My Paradise | Teen Ink

My Paradise

December 10, 2018
By Anonymous

I glance up and the quiet, glazed stars peek down on me as i prepare to enter an eternal getaway. I begin to sink slowly into the soothing quicksand that makes up my bed. The same bed which is concealed by my silky sheets. I shivered and small goosebumps grew throughout my arms as the sheets closed down on me. The sheets that make me feel warm; that beautifully sync with my body, hugging me. The only hug that I know I can always count on to make me feel safe, keeping me away from my lonely thoughts.


As I begin reflecting on my day, I can feel myself growing as a person. Thinking about all the mistakes i’ve made and how I should change to benefit myself. All these thoughts and careful analyzing help me mature into the person I want to be.


I begin to wander off away from reality. The reality that brings me more bad than good. At this point I am finally reaching my final destination: sleep, complete and utter relaxation.


Sleep is the umbrella to the thunder that is devoted to following me around. The bulky and stressful clouds that make my back turn into the hunchback of notre dame. This same umbrella becomes my chiropractor, relieving my tense back by defying gravity, by pulling it's weight. At this exact moment I remember that there is no place I rather be than these clouds, the clouds that welcome me home every night.


The sleep relieves me from the snakes that call themselves my friends. The same snakes that love to swarm into my life when i’m needed, but run away when i need them the most. From the torn muscles caused by the endless hours of dance. The muscles that need a little extra blood and rest to recuperate. From my agitated brain who needs a break from all the learning.

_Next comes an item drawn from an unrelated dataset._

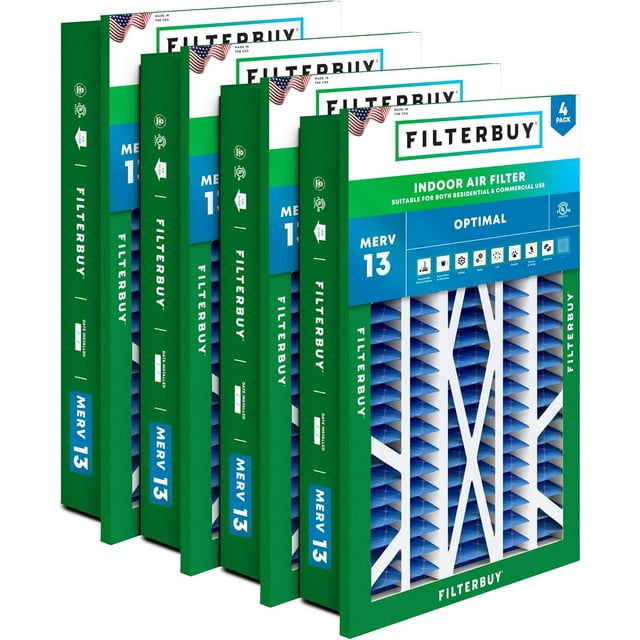 Filterbuy 16x25x5 MERV 13 (MPR 1900) Health Defense, Pleated HVAC AC Furnace Air Filters for Honeywell Return Grille (4-Pack)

If i do not find my paradise the snake's lethal poison will kill my insides, destroying me. My arms will become unproductive and strained. My brain will become frizzled, storming with thoughts I can not control. Lonely and lunatic thoughts that i for one do not desire. I would not know what to do without this very needed relaxation.

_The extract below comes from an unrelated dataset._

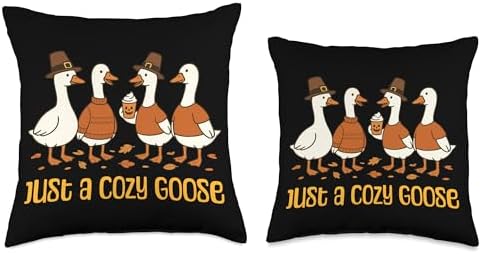 Just a Cozy Goose Thanksgiving Vibe for Fall Enthusiasts Throw Pillow - Image 3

Sleep helps me visit places that one can only dream of; where I can find courage and hope.This sleep gives me dreams which are undeniably the guide to my happiness. Bringing cheerfulness in my life as I forget my tears and hope for the best. As I dream I suddenly become Eve, lost in my alluring garden. The garden where there are no clouds to push me down, there are no dangers to make me scared, and there are no problems to face. I will not let my temptation get to me knowing I will awaken in a place where I am not immune. A place filled with broken hearts and agitated thoughts. This is my paradise, and I would love to stay. But, as I sadly remind myself every morning, not all dreams are fair. They don’t all come true. They don’t all satisfy our unrealistic expectations. Dreams and sleep are treasure; although not all of them are valued. This paradise that many do not appreciate is what I look forward to every single day.